_Work order_
Look below for the line with "Lilly Pulitzer Pink" and the line with "Medicinsk gymnastik med". Copy exactly those two lines and every line between, but not the pictures.

_Data_
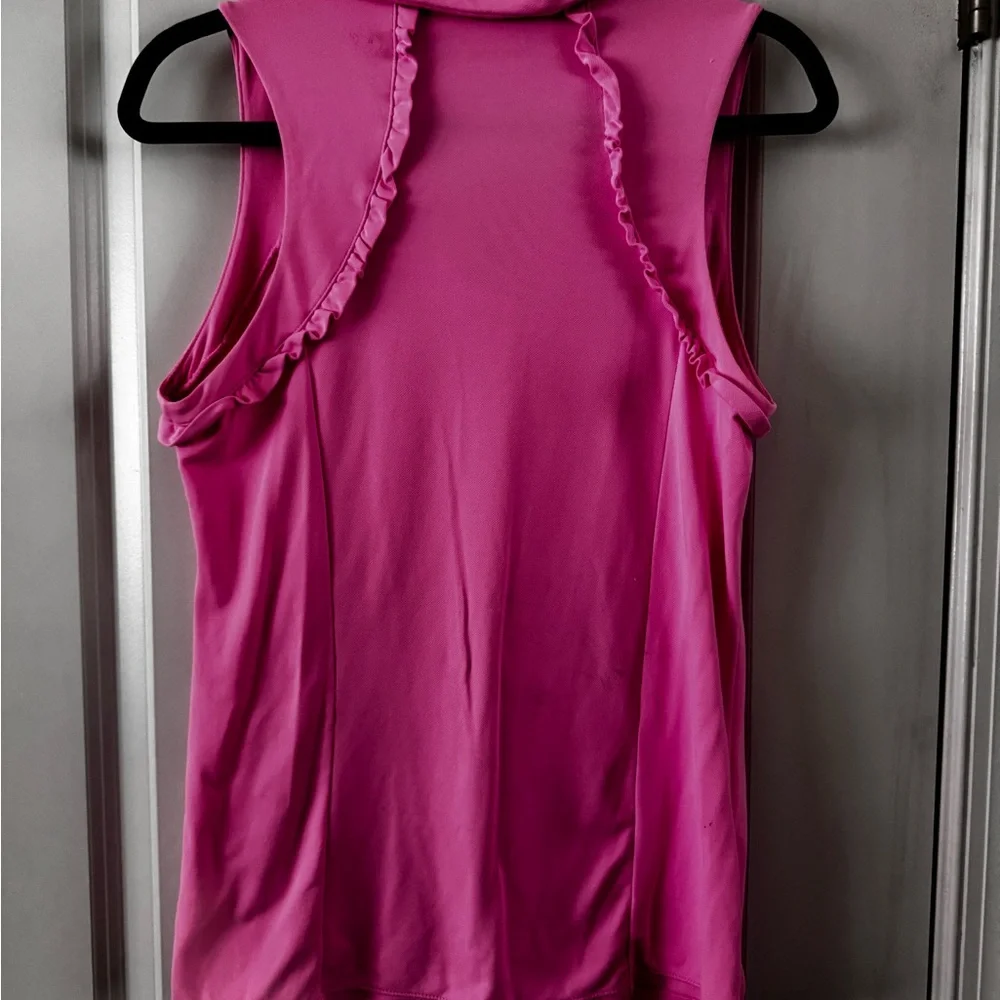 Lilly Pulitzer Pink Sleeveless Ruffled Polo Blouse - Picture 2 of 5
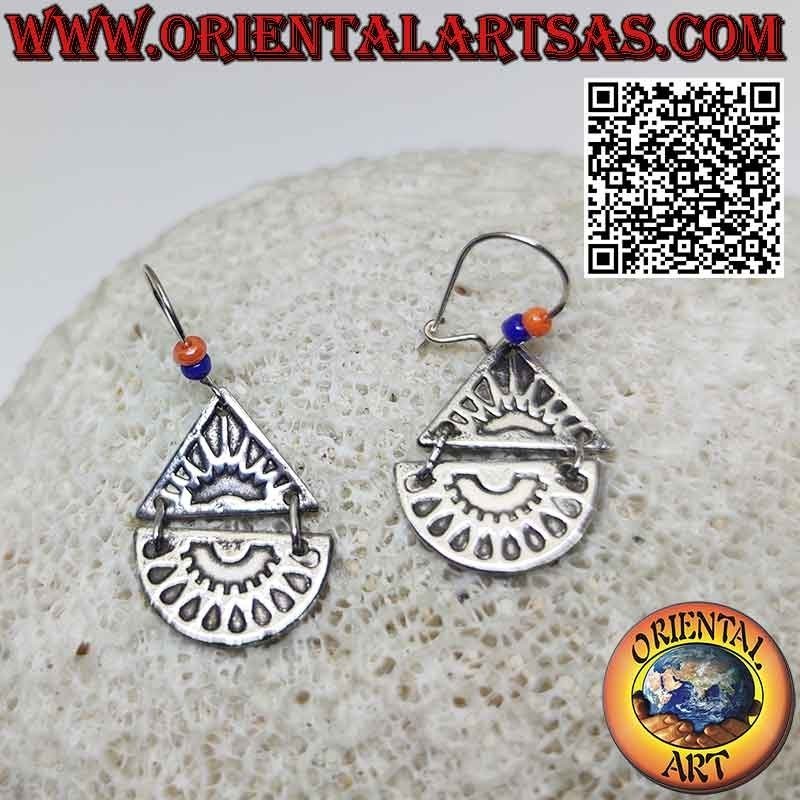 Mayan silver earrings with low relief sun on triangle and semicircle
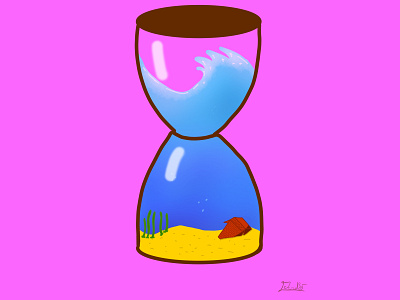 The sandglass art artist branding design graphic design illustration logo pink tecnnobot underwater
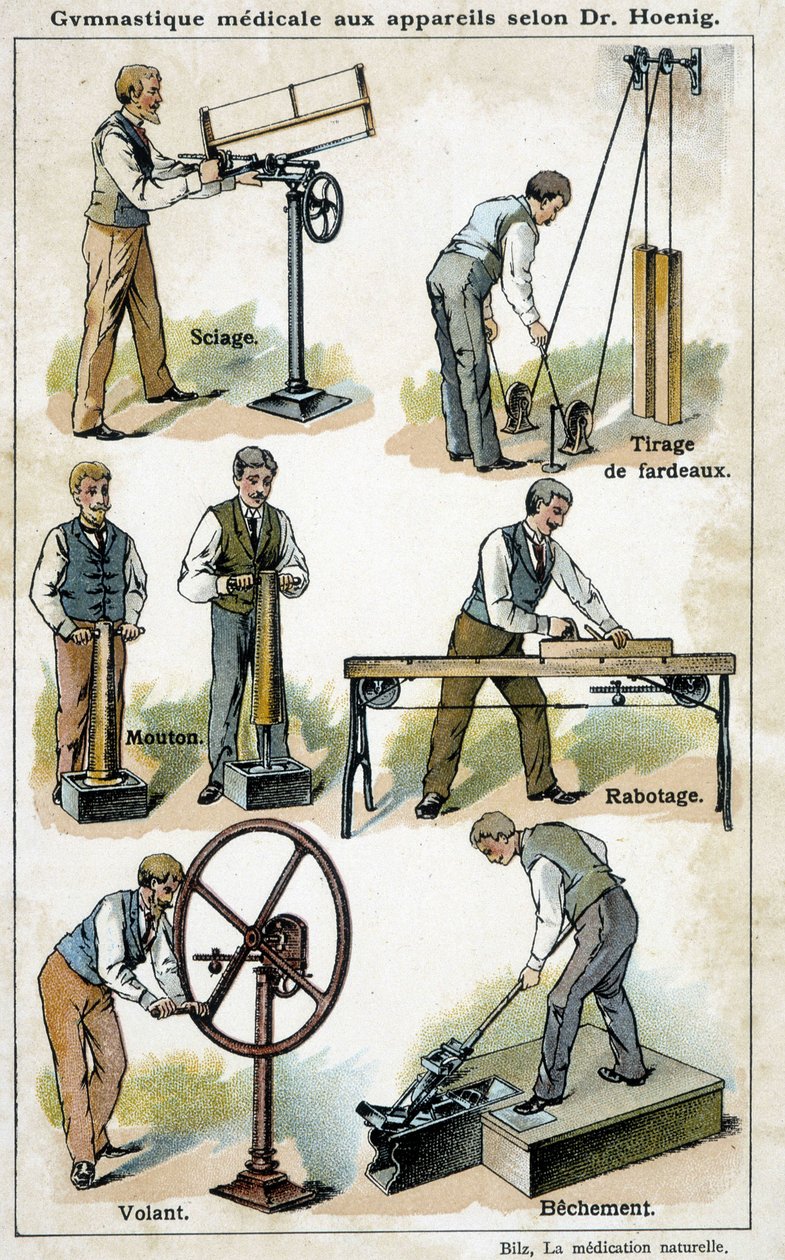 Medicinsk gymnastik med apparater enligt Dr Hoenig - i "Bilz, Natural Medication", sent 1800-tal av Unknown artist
--
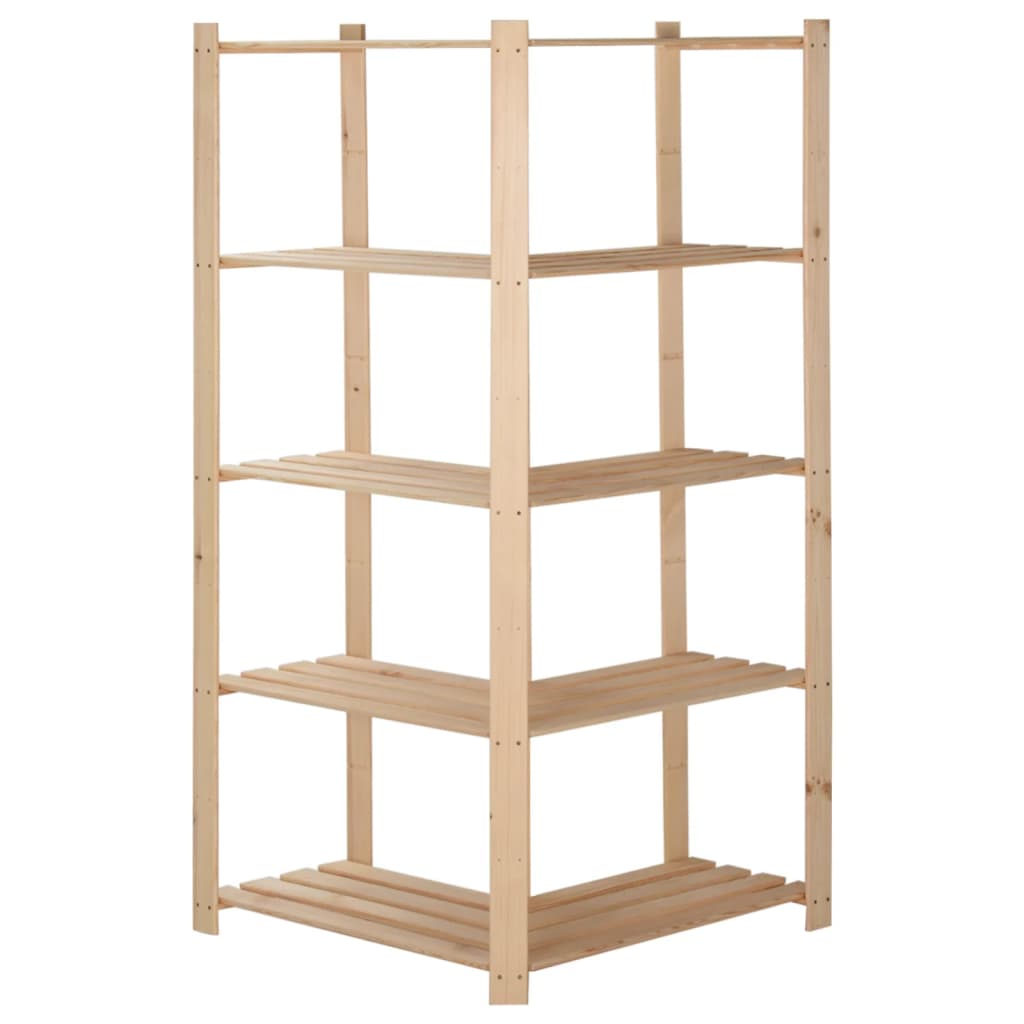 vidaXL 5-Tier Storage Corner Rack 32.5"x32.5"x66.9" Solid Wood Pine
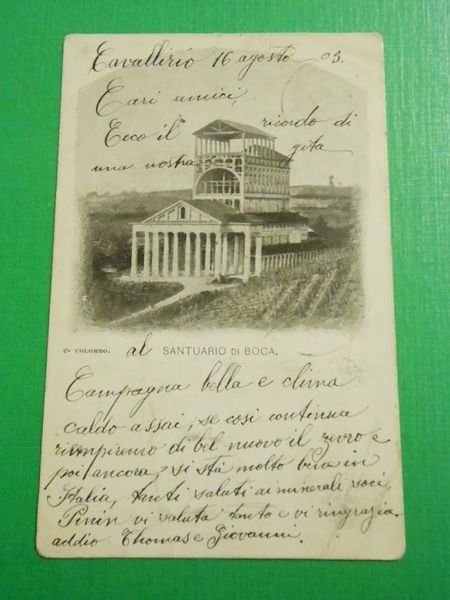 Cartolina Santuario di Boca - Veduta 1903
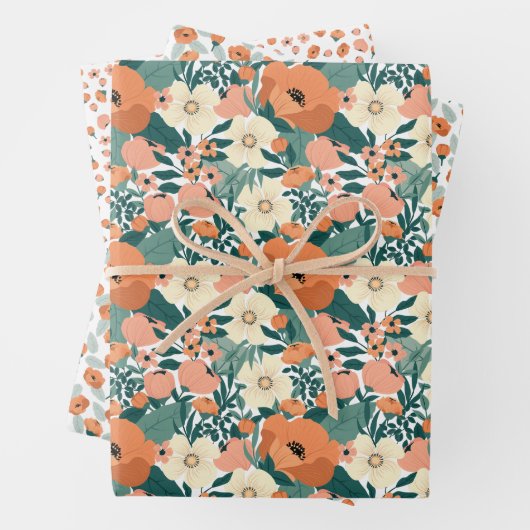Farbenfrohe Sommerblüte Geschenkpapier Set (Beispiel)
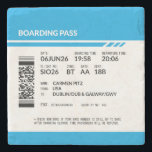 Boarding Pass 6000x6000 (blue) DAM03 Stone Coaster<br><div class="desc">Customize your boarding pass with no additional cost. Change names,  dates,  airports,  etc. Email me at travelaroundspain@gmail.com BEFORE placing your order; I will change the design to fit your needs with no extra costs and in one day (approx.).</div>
---
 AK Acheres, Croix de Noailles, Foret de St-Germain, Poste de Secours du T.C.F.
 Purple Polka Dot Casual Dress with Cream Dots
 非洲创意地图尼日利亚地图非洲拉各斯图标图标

_Result for this task_
 Lilly Pulitzer Pink Sleeveless Ruffled Polo Blouse - Picture 2 of 5
 Mayan silver earrings with low relief sun on triangle and semicircle
 The sandglass art artist branding design graphic design illustration logo pink tecnnobot underwater
 Medicinsk gymnastik med apparater enligt Dr Hoenig - i "Bilz, Natural Medication", sent 1800-tal av Unknown artist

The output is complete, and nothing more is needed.